Editorial
Feds should abandon planned delisting in Lower 48
The Register-Guard, Michigan
The recovery of the gray
wolf is a success story that illustrates the effectiveness of the
federal Endangered Species Act. But the Obama administration fails to
see that it’s a story whose final chapters have yet to be penned.
The Los Angeles Times reported
Friday that federal authorities intend to remove endangered species
protection for nearly all gray wolves in the Lower 48 states. A draft
rule, expected to be announced shortly and finalized within a year,
would hand over the management of wolf populations to state wildlife
agencies.
Federal officials insist that the
approximately 5,000 wolves in the Northern Rockies and Great Lakes
region are enough to prevent extinction. But that conclusion ignores
warnings from scientists and conservationists that the wolves’ numbers
have not reached sustainable levels and that the agency’s analysis of
wolf subspecies and habitat is flawed.
Those same critics challenged the
federal government’s decision two years ago to withdraw Endangered
Species Act protection in the Northern Rockies, Eastern Oregon and
Eastern Washington and give the job of wolf management to the states.
Since that delisting, more than a thousand wolves have been killed in
sanctioned hunts, including 422 wolves last year in Idaho alone.

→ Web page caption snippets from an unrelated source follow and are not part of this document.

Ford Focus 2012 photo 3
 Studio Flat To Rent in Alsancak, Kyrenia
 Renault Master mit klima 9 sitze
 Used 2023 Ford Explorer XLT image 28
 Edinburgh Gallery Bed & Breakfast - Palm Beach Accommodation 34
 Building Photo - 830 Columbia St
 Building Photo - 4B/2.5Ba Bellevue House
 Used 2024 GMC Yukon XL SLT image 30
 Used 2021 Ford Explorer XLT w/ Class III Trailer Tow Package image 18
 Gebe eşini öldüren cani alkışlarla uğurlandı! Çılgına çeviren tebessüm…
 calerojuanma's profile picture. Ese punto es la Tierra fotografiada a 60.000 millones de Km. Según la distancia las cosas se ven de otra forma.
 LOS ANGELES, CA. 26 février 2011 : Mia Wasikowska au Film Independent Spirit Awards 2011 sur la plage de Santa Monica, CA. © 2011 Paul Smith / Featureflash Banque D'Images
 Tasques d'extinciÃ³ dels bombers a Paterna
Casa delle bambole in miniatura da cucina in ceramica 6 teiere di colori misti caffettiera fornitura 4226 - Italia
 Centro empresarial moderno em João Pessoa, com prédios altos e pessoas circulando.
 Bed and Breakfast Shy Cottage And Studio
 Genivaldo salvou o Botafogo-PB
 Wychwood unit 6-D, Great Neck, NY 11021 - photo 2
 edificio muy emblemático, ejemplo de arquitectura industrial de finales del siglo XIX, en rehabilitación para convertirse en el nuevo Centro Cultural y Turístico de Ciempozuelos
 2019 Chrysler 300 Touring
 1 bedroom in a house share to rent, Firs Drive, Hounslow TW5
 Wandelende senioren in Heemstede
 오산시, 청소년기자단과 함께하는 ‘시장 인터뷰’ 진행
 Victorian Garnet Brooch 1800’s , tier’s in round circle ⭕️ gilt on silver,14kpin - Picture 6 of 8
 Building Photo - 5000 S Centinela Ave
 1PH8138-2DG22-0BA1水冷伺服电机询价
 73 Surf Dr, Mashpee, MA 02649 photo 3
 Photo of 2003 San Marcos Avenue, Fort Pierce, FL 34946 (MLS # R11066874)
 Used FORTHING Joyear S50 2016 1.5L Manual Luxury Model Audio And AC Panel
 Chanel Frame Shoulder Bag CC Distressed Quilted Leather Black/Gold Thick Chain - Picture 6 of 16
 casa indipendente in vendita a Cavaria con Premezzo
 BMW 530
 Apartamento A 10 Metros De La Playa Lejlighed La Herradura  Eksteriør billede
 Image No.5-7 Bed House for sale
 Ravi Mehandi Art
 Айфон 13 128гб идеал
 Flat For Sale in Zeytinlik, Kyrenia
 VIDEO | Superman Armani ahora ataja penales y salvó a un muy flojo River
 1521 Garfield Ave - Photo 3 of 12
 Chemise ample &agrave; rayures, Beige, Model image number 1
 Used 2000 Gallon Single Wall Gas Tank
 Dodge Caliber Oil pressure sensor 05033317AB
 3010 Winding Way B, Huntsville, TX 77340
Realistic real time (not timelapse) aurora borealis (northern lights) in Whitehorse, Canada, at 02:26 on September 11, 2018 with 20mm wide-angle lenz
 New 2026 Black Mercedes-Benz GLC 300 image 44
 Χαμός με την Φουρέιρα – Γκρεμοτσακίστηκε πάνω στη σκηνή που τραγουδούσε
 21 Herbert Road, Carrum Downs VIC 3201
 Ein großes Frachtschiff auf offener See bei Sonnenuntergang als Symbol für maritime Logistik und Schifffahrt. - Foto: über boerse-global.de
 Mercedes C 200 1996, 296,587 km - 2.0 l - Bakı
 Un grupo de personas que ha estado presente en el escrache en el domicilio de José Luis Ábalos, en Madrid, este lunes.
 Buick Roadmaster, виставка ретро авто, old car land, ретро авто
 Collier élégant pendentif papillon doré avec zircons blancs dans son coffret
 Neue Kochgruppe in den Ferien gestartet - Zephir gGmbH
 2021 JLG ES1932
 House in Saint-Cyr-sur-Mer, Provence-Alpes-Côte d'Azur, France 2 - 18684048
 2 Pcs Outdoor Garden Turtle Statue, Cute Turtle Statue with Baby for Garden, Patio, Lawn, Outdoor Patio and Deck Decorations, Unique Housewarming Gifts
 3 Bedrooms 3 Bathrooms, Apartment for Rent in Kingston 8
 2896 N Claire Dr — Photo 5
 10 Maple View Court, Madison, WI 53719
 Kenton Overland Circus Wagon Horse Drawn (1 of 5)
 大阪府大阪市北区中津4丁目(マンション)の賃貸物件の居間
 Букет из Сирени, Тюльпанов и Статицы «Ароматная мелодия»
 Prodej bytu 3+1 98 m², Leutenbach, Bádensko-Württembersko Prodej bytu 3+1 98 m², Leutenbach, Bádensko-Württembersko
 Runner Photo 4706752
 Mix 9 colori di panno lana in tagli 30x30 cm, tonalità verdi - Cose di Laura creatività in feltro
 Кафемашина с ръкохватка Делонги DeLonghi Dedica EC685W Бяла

Now, the Fish and Wildlife Service is
considering removing protections in the protected areas that remain.
Yet the wolves are just beginning to get a foothold in Western Oregon,
Washington, Utah and Colorado, and it’s too early to end federal
protection in those areas.
The Fish and Wildlife Service is
under intense pressure from ranchers, hunters and some federal and state
officials to remove the remaining protections. As Jamie Rappaport
Clark, the former director of the Fish and Wildlife Service and now the
president of Defenders of Wildlife, notes, the agency’s latest delisting
decision “reeks of politics.”
Wolves were once abundant in the West
before white settlers arrived. But they were hunted nearly to
extinction — and were wiped out entirely in Oregon — before a small
number were reintroduced in Yellowstone National Park and in central
Idaho in the mid-1990s. Under federal protection, the animals thrived.
At least 1,600 wolves now populate the northern Rockies, although last
year the population fell by an alarming 7 percent, primarily because of
the 2011 delistings and the recreational hunting that resulted.
Sally Jewell, the new secretary of
the Interior, should take a hard look at the Fish and Wildlife Agency’s
decision, and pull the plug on the proposed delisting. Gray wolves need
more time to find their balance and build strong, genetically healthy
populations that can endure for many years to come.